The daily routine of hotel check-out and hopefulness, disappointments, waiting for medical professionals who tippy-tapped into computer monitors during their dialogues with my father, uncertainty, bad food, grumpiness and the tension of captivity, cumulated with "just a few more days to be sure" of the sickly antiseptic smell of a rehab center/nursing home. Wispy haired women waitedin wheelchairs. I scurried back to the house in the woods to tend to the garden, do the recycling and direct all my emotions into getting things done. In one night, I dreamed I was crawling across a bridge over a large chasm, noting the deeply frayed cable above me.
A glimmer of nature on a walk in the woods with my oldest nephew and the dog.

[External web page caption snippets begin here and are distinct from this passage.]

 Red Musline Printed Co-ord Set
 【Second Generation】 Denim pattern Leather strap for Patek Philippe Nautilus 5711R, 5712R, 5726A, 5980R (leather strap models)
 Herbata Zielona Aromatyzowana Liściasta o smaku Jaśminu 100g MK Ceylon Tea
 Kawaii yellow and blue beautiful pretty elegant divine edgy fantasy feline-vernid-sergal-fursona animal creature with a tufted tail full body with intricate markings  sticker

A beautiful bench all hand hewn. |
1992- a time when I had no home and inconsistent work. The book was called "Vagabonding in the USA". I still wear a pink bandanna in the field. |
These questions remained gaping in the sense of my own state of transience as a single expat, now over 50, with no base of operations to call my own home. How will I age? Where will I live when I can no longer muster the resources to cope with the maintenance needed to steward a home, let alone my body. What trustworthy person will come to take care of me when I need it?

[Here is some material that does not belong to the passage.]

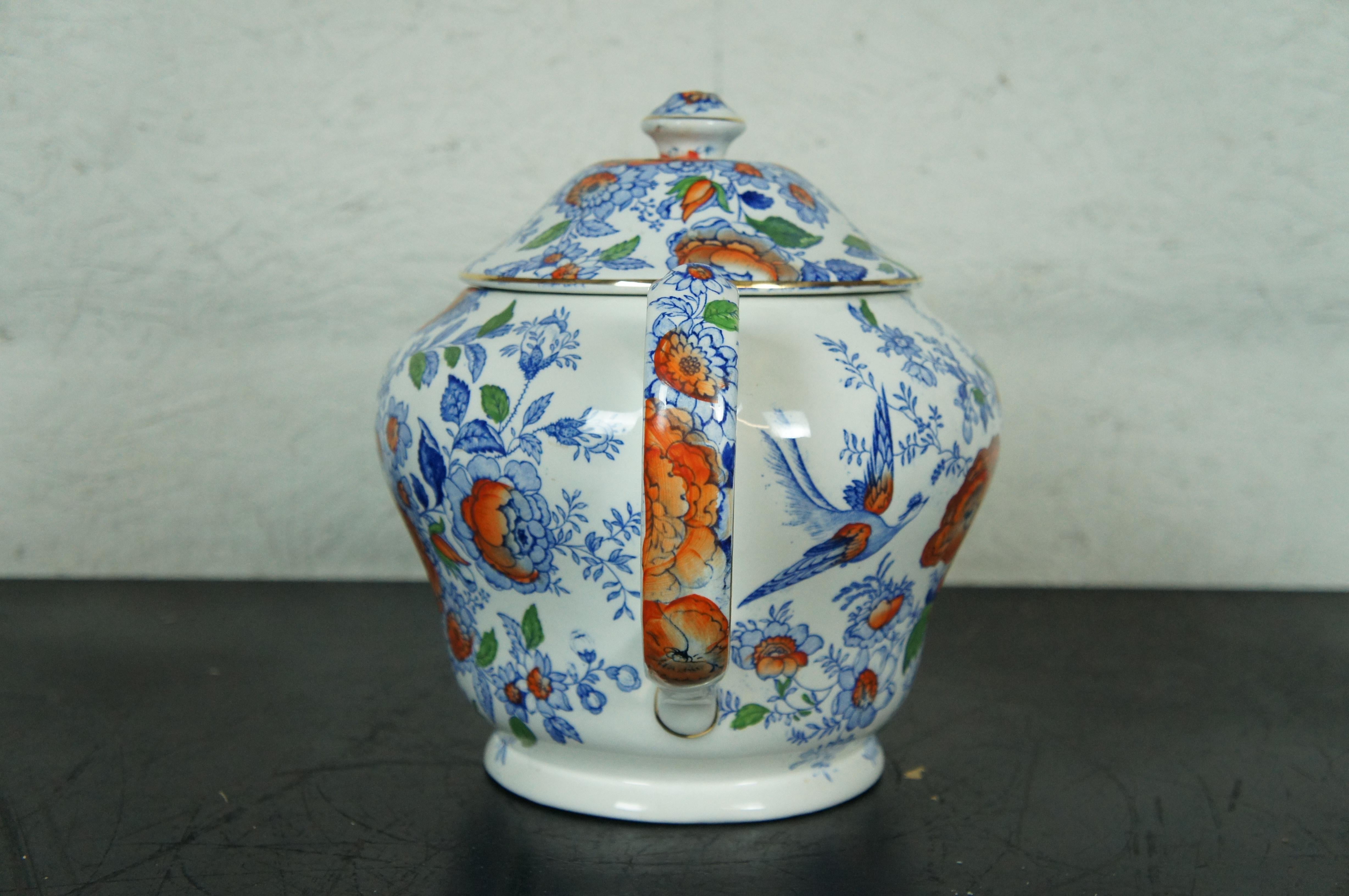 Antique English Maling Chinoiserie Floral Butterfly Bird Transferware Teapot 15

In these moments of sometimes volatile vulnerability, I slipped into a morass of self-doubt in the great unknowns of my own future and the eventual repatriation. The grand open step of what is next loomed large and mysterious. The thoughts of years to come abounded and multiplied, creating a spiral of questions of where, who, how and what. The spirit of "I believe" wavered under the stress despite phone conversations with old friends and my internal attempts to reassure myself,
Now returned to Cambodia, I am far distant from those personal worries for now. My apartment is cheap and serviceable. There are plenty of fruits and vegetables. The future of my workplace is evolving, with directions ahead. There are no firm decisions to be made now, so the questions can be placed under a tarp until more months pass.
The rainy season has started the dynamic and unexpected of everyday life. Small raindrops fall from a sunny sky, the plants seem happy and fresh and the flame trees that shelter the small community of commerce across the street from my house are now filled with brilliant red flowers and verdant foliage.